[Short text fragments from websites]
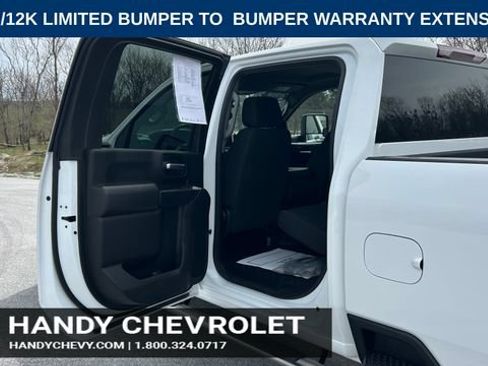 Certified 2024 Chevrolet Silverado 3500 W/T w/ WT Convenience Package AWD/4WD image 30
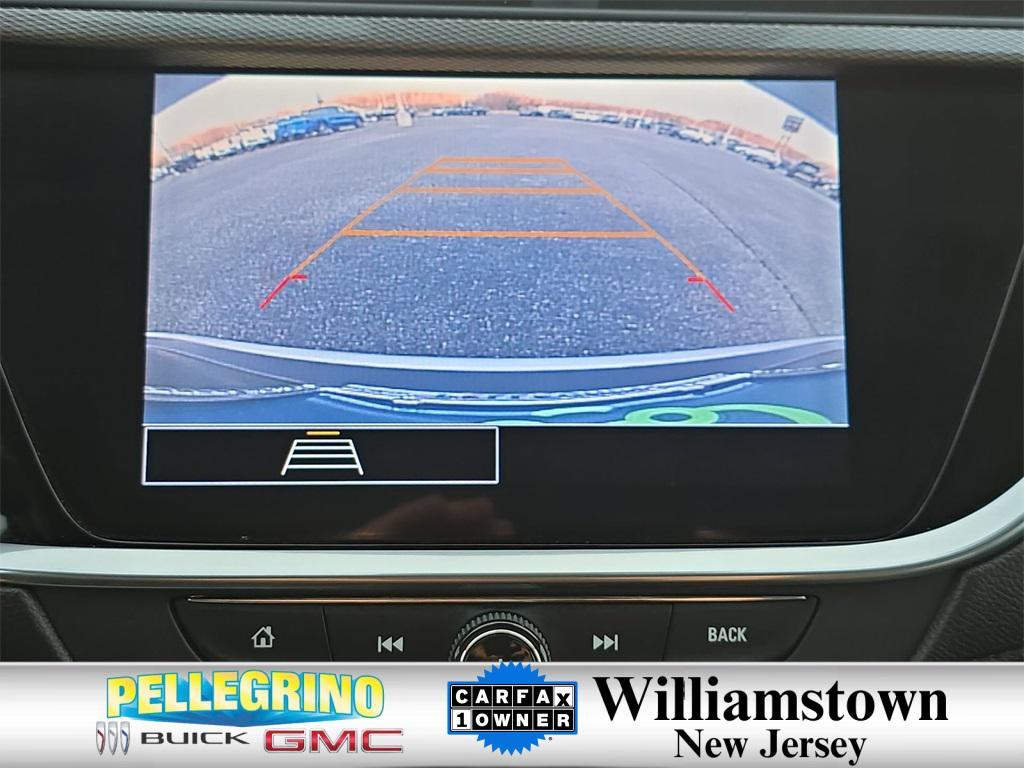 used 2020 Buick Encore GX car, priced at $15,555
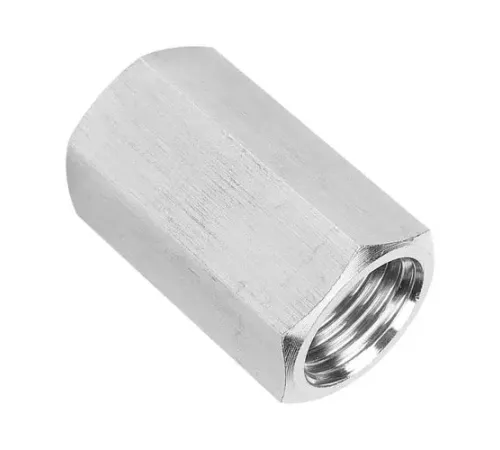 Нержавеющие резьбовые втулки шестигранные в Речице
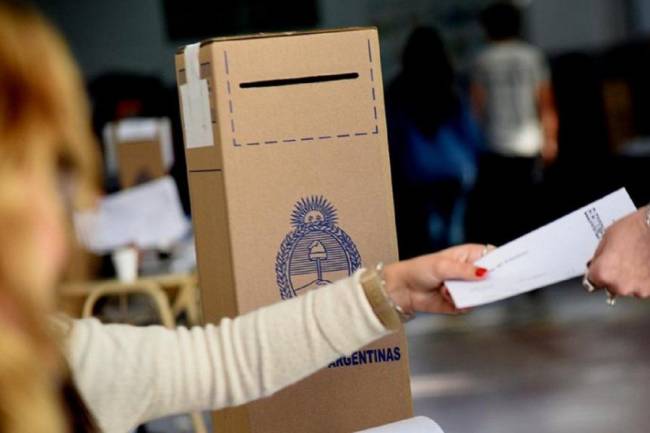 En las últimas elecciones, Bell Ville estrenó ficha limpia, paridad de género y boleta única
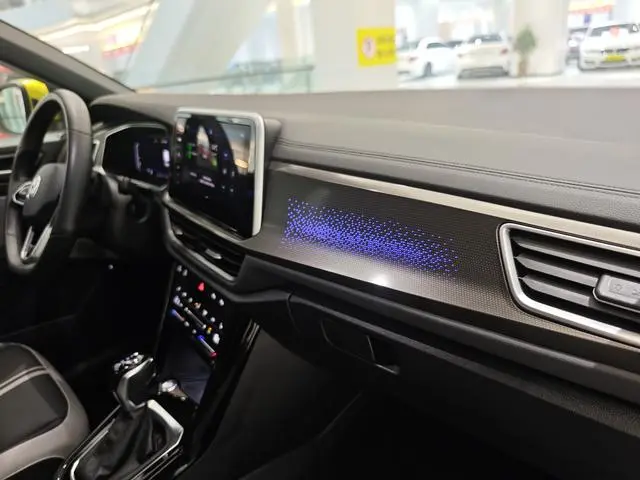 Volkswagen Exploring songs 300TSI DSG Starlight Edition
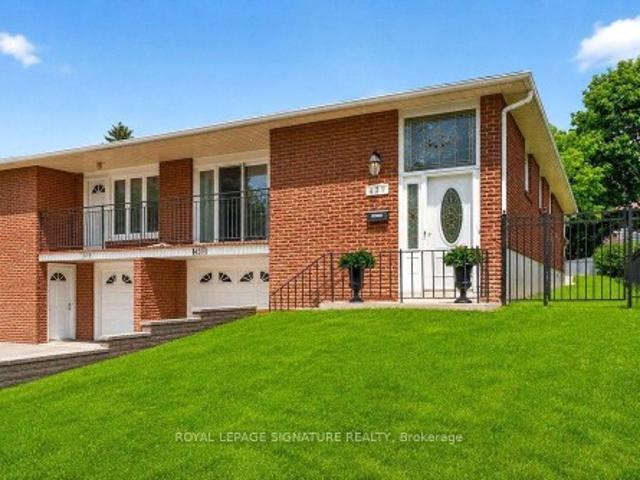 House for sale in Mississauga, Ontario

## [Task item]
Restate the data word for word, minus any images.

## [Response]
 Certified 2024 Chevrolet Silverado 3500 W/T w/ WT Convenience Package AWD/4WD image 30
 used 2020 Buick Encore GX car, priced at $15,555
 Нержавеющие резьбовые втулки шестигранные в Речице
 En las últimas elecciones, Bell Ville estrenó ficha limpia, paridad de género y boleta única
 Volkswagen Exploring songs 300TSI DSG Starlight Edition
 House for sale in Mississauga, Ontario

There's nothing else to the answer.